Qu'il s'agisse de complexité, de rapidité, de durée,
nous voyons toujours que la difficulté principale de l'action consiste dans
l'activation des tendances supérieures. Il est facile de voir dans nos
observations que ce sont en effet des actes de ce genre qui ont présenté des
difficultés et des dangers. Les pratiques religieuses, les études, les métiers,
les fiançailles posent des problèmes de volonté et de croyance. Il s'agit
toujours de décider aussi bien dans le commerce que dans le commandement des
hommes ou dans le mariage. Les circonstances où l'on est forcé de
choisir entre deux conduites opposées, la pratique ou l'abstention, le
« oui » ou le « non » des fiançailles, le mari ou l'amant
sont particulièrement typiques. Le sentiment de la responsabilité n'est
pas autre chose que la représentation vive des motifs quand ceux-ci impliquent
des conséquences graves de l'action. Toutes ces circonstances réclament et
éveillent le fonctionnement de l'assentiment réfléchi qui est justement une de
ces opérations supérieures.
Il n'en est pas moins -assez bizarre de voir des actes
excellents en eux-mêmes, ces décisions, ces travaux, amener l'épuisement.
Les actes de haute tension ne sont pas d'ordinaire des actes épuisants, ils ont
au contraire pour objet de réduire nos dépenses et de produire des bénéfices.
Une décision définitive simplifie la conduite pour l'avenir et nous permet
d'agir plus tard à moins de frais. L'acquisition par le travail d'une
fortune ou d'une science facilite bien des conduites ultérieures avantageuses.
Tout cela est vrai, mais les bénéfices de tels actes sont surtout des bénéfices
ultérieurs qui ne suppriment pas la grande dépense actuelle. Il en est de tels
actes comme de l'achat d'une machine ou de l'acquisition d'une bonne valeur de
bourse : il y aura plus tard des économies et des plus-values, mais il y a
pour le moment une grosse dépense. Il y a des bourses qui ne peuvent pas
supporter même un excellent placement sans être tout à fait
vidées. Il y a des esprits qui ne sont pas capables de supporter une action
excellente en elle-même et très avantageuse pour l'avenir, mais
qui exige une trop grosse dépense.
Il y a lieu également de faire une autre
réflexion : ces malades sont loin de réussir à accomplir
complètement ces actes de haute tension. Ils les commencent seulement et
s'arrêtent avant de les avoir terminés, puis ils recommencent de la
même manière, indéfiniment accrochés au même
problème. Nous avons vu bien des observations de ces ruminations qui
cherchent un assentiment réfléchi sans y parvenir jamais, de ces travaux
herculéens qui poussent contre un mur sans aboutir à rien.

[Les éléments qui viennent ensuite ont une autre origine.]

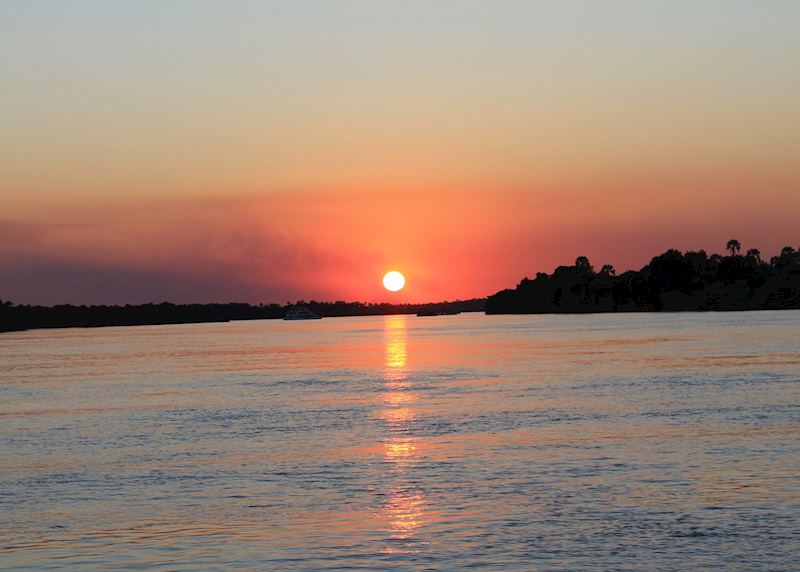 Sunset over the Zambezi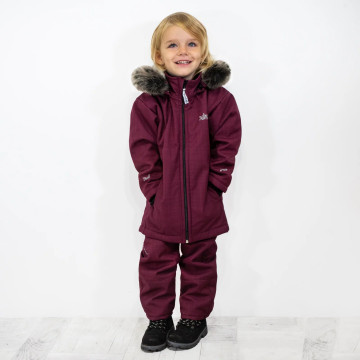 ESITO | Dětské softshellové oteplovačky Lamb Fuchsie - fuchsiová / 86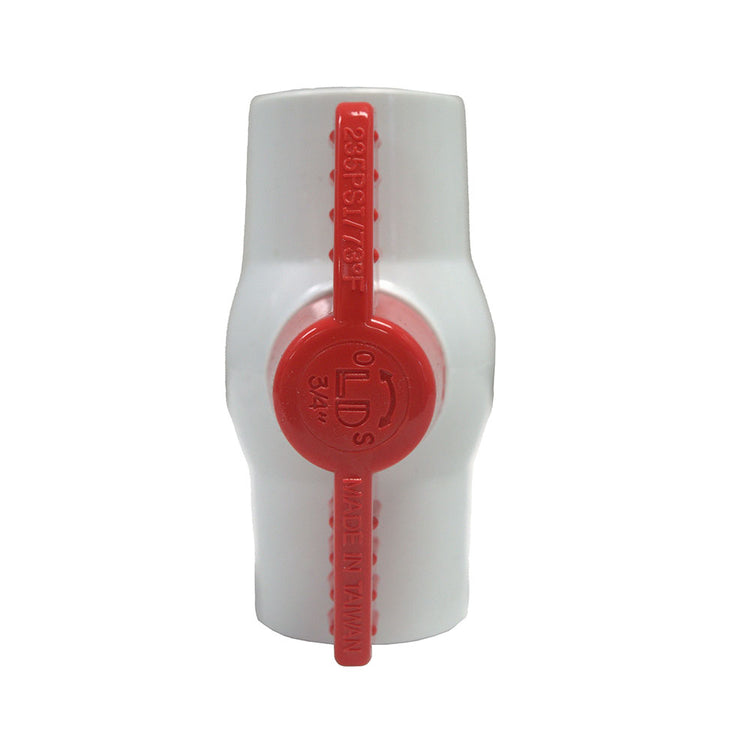 PVC Ball Valve – Full Port | High-Flow Direct Glue Connection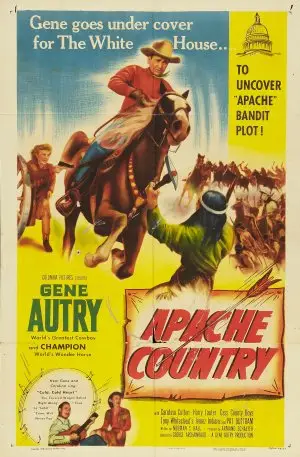 Apache Country (1952) White T-Shirt - idPoster.com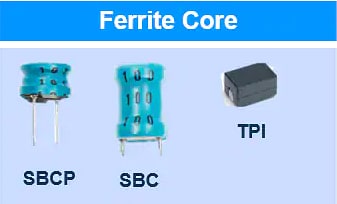 KEMET Inducteurs à cœur de ferrite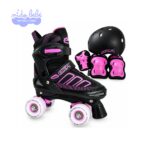 PATIN 4 RUEDAS HIDRAULICO (TALLA L 37 - 40) NEGRO CON ROSADO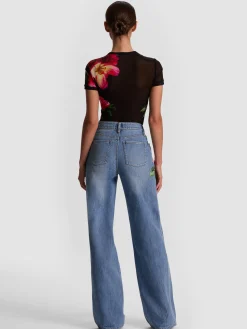 Alice and Olivia JEANS*CHIC PRINTED JEAN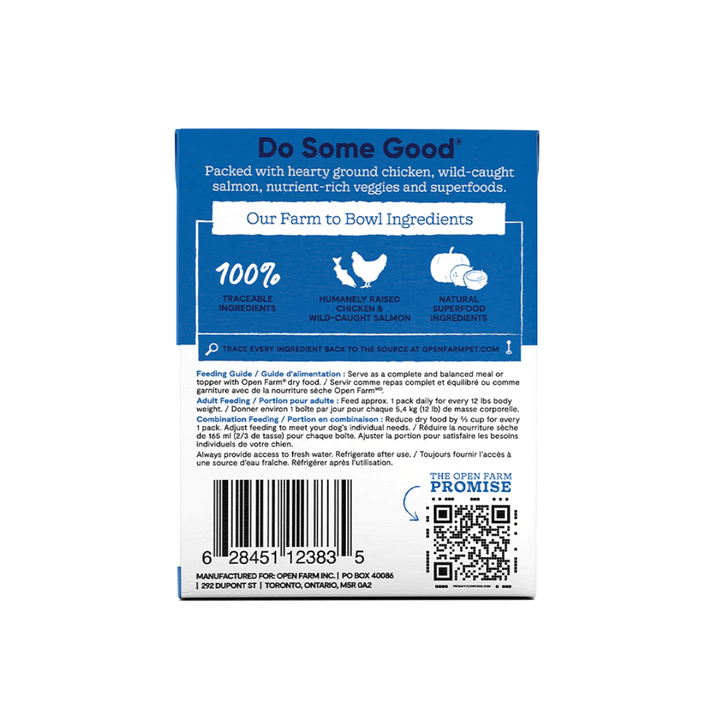 Open Farm Wet Dog Food - Chicken and Salmon Rustic Stew - Toronto Pets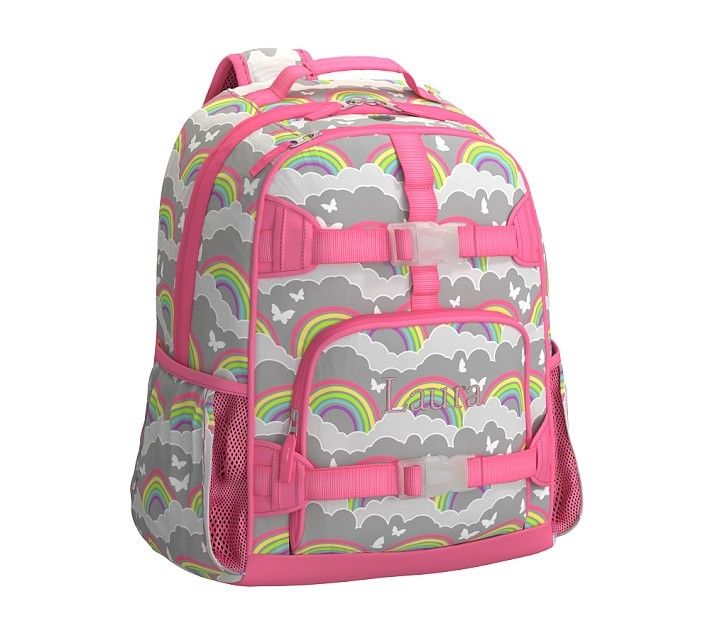 MacKenzie Rainbow backpack at PBK can be personalized too | back to school shopping guide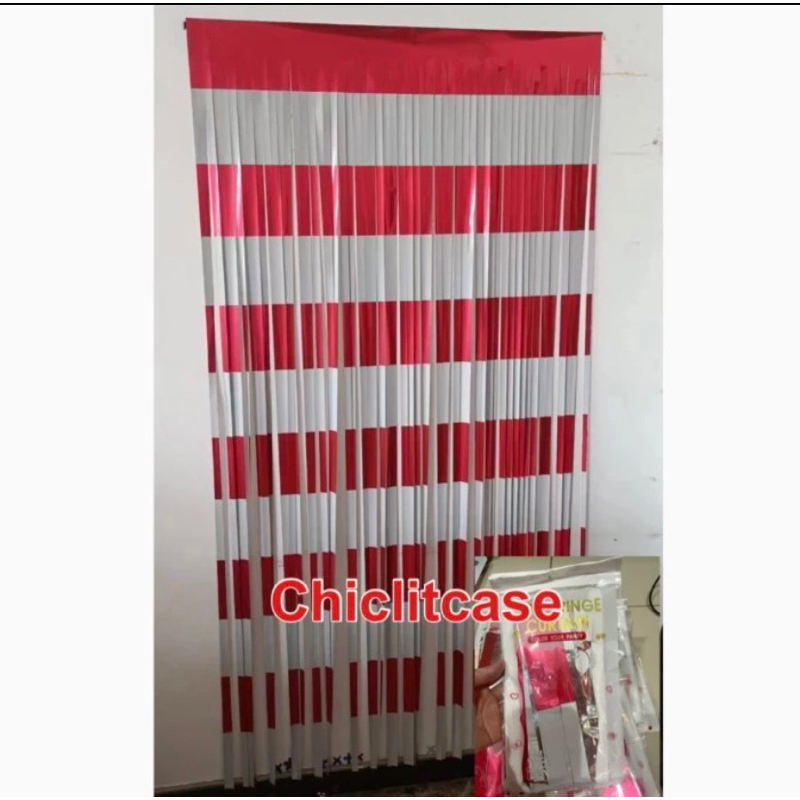 Jual Tirai rumbai merah putih 17 agustus/backdrop/dekorasi kemerdekaan ...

Le problème de la dépense psychologique, du
coût de l'action sera plus tard un problème capital de la
psychologie et de la psychiatrie : aujourd'hui il est à peine
soupçonné. D'ordinaire on croit répondre facilement en parlant de la quantité
psychologique des actes, de la force des mouvements, de la complexité, de la
vitesse, de la durée des mouvements et en disant que les actes qui comportent
des mouvements forts, nombreux, rapides, prolongés, sont les actes qui
fatiguent. Cela est peut-être vrai au moins en partie pour la fatigue
normale, mais cela est tout à fait insuffisant pour la fatigue
pathologique, la dépression. A côté de ces caractères qui tiennent
à la quantité psychologique il faut ajouter ceux qui dépendent de
l'élévation hiérarchique des actes, de leur tension psychologique et il faut
bien comprendre que l'accomplissement des actes élevés, appartenant à
la série de la réflexion, du travail, qu'ils soient accomplis
complètement ou incomplètement est capable bien plus encore que
celui des actions précédentes de déterminer des épuisements et des dépressions.